Penemuan ini melengkapi banyaknya laporan yang masuk ke Kantor Airnav Indonesia Cabang Yogyakarta. Sejak 5-16 Juni 2019, ada 25 laporan penerbangan balon udara liar yang dilihat pilot sewaktu mengudara. Jumlah itu lebih rendah dibandingkan temuan pada tahun 2018, dalam periode waktu yang sama, yakni sebanyak 49 balon. Namun, masih adanya balon udara liar itu tetap mengkhawatirkan karena tetap mengancam keselamatan aktivitas penerbangan.
Balon udara yang terbang liar itu bisa membahayakan aktivitas penerbangan karena rentan menutup kokpit sehingga sulit dikendalikan. Mesin pesawat juga bisa mati mendadak dan terbakar apabila balon masuk ke dalamnya. Selain itu, informasi ketinggian dan kecepatan pesawat juga sulit dideteksi jika balon menutup alat pengukur ketinggian terbang pesawat.
General Manager Airnav Indonesia Cabang Yogyakarta Nono Sunariyadi menyampaikan, penerbangan balon udara secara liar itu memang masih terus berulang. Balon-balon itu biasanya diterbangkan dari Kabupaten Wonosobo, Jawa Tengah. Itu sudah menjadi tradisi masyarakat dari tahun ke tahun.
“Sejak tahun 2016, kami secara intens melakukan sosialisasi ke tempat-tempat yang menyelenggarakan tradisi pelepasan balon udara. Kami sosialisasikan aturan mainnya. Kami juga mengakomodasi tradisi yang sudah turun temurun itu. Caranya dalam bentuk festival yang memenuhi peraturan. Ini tentu dengan koordinasi agar balon udara tidak lepas,” kata Nono.
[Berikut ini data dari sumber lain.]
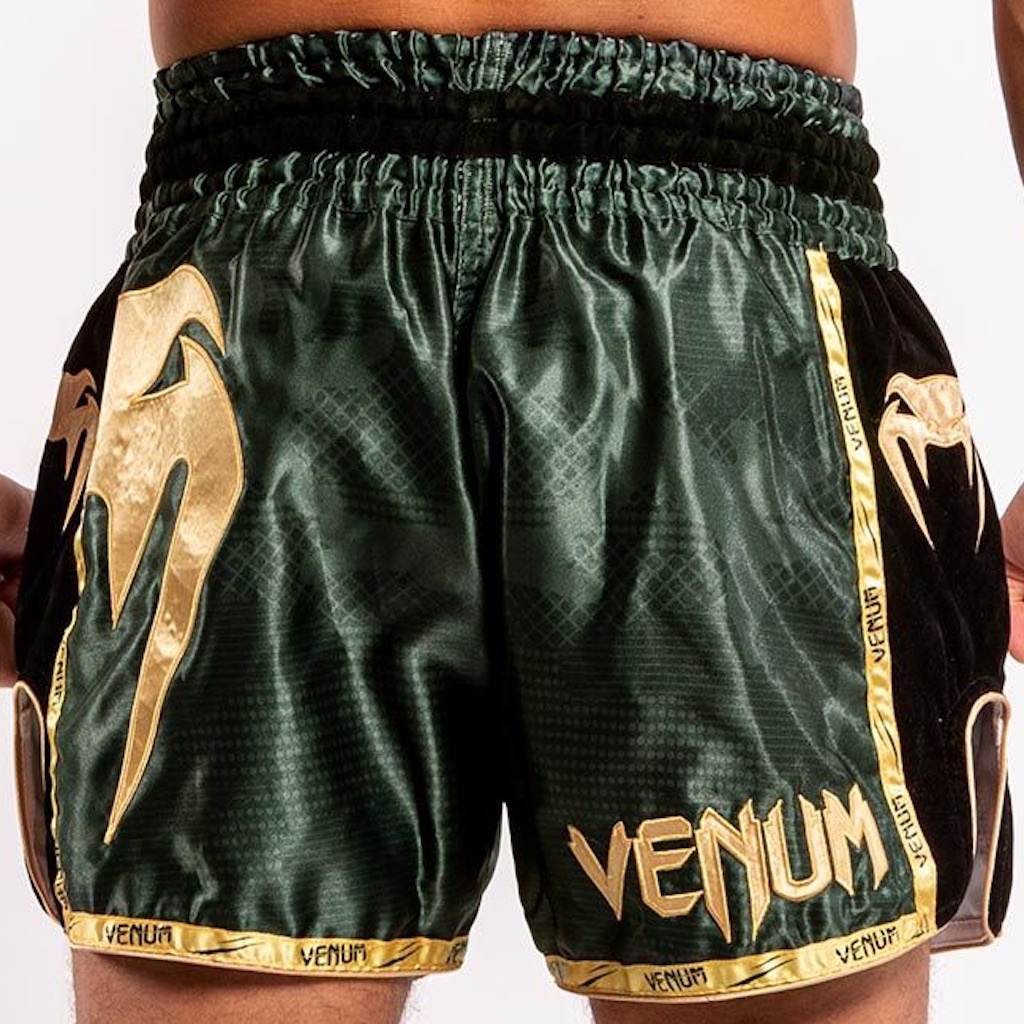 Quần Muay Thai Venum Giant Camo - Khaki/Gold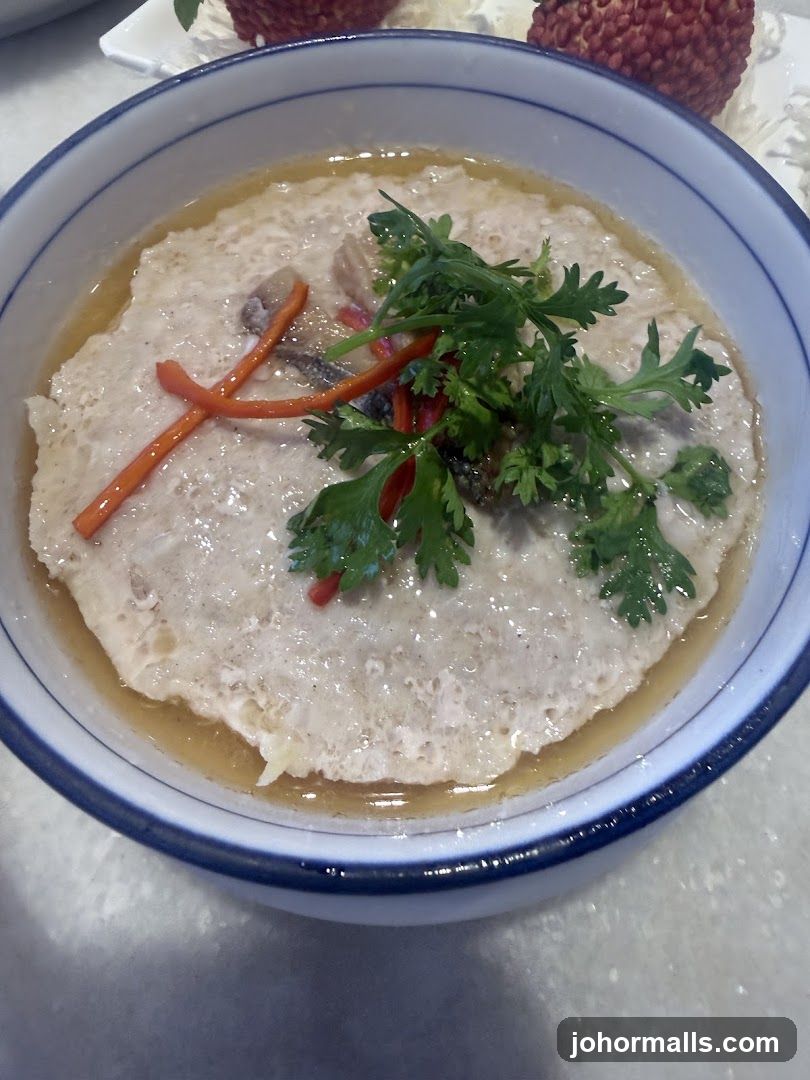 Steamed Egg Dish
Nono menjelaskan, balon udara liar itu bisa terbang dengan ketinggian mencapai 30.000 kaki. Padahal, pesawat itu terbang di ketinggian 26.000-29.000 kaki untuk jalur penerbangan dari Jakarta menuju Yogyakarta.
Selain itu, Nono menyatakan, penerbangan balon udara liar juga akan ditindak tegas untuk menekan aktivitas tersebut. Adapun ancaman hukuman dari tindakan tersebut, yaitu hukuman penjara maksimal 2 tahun dan denda sebesar Rp 500 juta. Pada Minggu (9/6), sebanyak enam orang tersangka ditangkap akibat menerbangkan balon udara liar oleh Polres Wonosobo.
Aturan terkait hal tersebut adalah Peraturan Menteri Perhubungan Nomor 40 Tahun 2018 tentang Penerbangan pada Kegiatan Budaya Masyarakat. Dalam peraturan tersebut, balon hanya diperbolehkan memiliki tinggi maksimal 7 meter dengan diameter 4 meter. Balon itu juga harus berwarna mencolok dan diikat minimal dengan tiga tali penambat. Ketinggian maksimal balon untuk terbang juga dibatasi hanya 150 meter saja.